Jason Kenney is the Rodney Dangerfield of Canadian politics – he don’t get no respect!
Alberta’s premier went to Washington, D.C. He wanted to see someone important, but when he got there, no one was home.
At least, by the sound of it, no one answered the door when he knocked.
So Mr. Kenney found a right-wing podcast to complain to about it.
“When I go down to Washington, I’m schlepping around in a Yellow Cab, I can barely get a meeting with a janitor in the State Department,” he recently told one of the hosts of the Ruthless podcast – presumably Josh Holmes, former chief of staff to Republican powerbroker Senator Mitch McConnell.
It’s not completely clear when the conversation took place. The podcast was published on Tuesday, April 26. Presumably Mr. Kenney was on the phone from Calgary. But you’ll have to forgive me if I didn’t listen to the first hour of the podcast closely enough to be certain it was Mr. Holmes lobbing the gentle softballs at the premier. Life’s too short.

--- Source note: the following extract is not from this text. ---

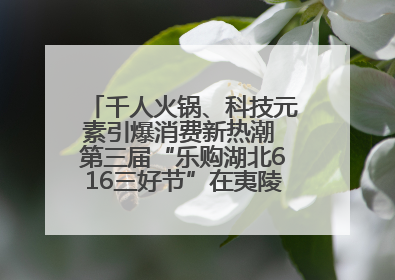 千人火锅、科技元素引爆消费新热潮 第三届“乐购湖北616三好节”在夷陵区盛大启幕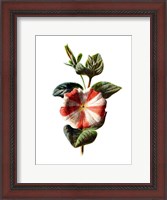 Framed Stripped Petunia Flower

Truth be told, if Mr. Kenney had asked for a meeting with the janitor at the State Department, he wouldn’t have gotten that, either. That guy has work to do.
“About 60 per cent of U.S. oil imports come from my province, come from Alberta,” Mr. Kenney complained to his genially sympathetic host at the podcast The Guardian oversold as an edgy-oftentimes-irreverent entertainment show.
“And it’s kind of funny,” he whinged. “The Emir of Oman blows into town, which actually happened when I was last there, going around in a 40-car motorcade, aaaand every door is open to him. And Oman is responsible for less than 5 per cent of U.S. energy imports!”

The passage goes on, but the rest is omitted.